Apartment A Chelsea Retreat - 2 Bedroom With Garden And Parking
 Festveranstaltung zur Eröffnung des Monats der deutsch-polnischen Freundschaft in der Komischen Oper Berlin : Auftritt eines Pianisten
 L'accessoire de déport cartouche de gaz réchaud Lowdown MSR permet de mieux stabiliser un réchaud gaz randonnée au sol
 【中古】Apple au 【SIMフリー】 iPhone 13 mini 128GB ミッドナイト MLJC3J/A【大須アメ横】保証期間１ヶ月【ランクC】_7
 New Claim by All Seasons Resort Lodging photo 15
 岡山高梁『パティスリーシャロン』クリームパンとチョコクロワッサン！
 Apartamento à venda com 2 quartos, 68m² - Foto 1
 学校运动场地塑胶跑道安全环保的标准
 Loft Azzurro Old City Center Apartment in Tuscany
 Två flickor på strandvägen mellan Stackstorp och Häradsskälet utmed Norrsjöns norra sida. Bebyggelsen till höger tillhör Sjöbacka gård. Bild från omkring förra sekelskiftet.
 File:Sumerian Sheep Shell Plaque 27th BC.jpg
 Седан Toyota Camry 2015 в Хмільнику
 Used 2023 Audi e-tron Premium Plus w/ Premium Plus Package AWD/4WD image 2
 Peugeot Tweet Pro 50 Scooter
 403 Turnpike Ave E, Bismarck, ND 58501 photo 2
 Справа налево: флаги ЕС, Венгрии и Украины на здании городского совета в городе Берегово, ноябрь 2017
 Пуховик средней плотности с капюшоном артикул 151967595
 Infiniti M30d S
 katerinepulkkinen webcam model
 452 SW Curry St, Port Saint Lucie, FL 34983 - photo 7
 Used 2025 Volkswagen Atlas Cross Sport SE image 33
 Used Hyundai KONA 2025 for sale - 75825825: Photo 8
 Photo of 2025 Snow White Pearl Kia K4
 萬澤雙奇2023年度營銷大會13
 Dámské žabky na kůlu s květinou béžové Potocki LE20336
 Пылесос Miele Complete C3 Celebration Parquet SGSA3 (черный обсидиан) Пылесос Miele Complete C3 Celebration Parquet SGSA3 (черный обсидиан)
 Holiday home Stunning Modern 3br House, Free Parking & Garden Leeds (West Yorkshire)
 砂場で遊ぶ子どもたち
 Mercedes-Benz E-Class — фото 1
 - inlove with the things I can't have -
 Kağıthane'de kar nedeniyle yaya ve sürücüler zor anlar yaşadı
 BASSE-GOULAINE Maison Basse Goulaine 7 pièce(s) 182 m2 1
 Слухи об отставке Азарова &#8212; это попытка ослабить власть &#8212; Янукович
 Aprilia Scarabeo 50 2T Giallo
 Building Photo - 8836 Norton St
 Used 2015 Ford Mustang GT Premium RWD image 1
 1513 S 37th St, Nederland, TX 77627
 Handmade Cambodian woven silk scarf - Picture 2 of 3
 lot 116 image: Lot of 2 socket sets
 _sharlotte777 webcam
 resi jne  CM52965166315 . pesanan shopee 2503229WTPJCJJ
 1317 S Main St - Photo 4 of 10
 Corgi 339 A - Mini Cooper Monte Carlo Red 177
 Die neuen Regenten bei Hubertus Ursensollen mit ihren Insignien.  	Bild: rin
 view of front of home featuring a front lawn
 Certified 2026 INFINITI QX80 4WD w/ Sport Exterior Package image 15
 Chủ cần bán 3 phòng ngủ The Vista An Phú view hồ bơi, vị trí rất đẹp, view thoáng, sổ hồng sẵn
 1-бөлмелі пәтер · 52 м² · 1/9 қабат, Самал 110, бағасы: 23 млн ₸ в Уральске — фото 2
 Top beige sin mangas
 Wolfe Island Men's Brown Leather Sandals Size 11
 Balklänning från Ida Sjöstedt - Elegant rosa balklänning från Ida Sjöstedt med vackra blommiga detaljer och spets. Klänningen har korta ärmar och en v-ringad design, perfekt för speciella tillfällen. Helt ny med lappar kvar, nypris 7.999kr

________________________________________

#### [Assigned task]
Copy only the lines in the listing that contain "Package".

#### [Response to this task]
 Used 2023 Audi e-tron Premium Plus w/ Premium Plus Package AWD/4WD image 2
 Certified 2026 INFINITI QX80 4WD w/ Sport Exterior Package image 15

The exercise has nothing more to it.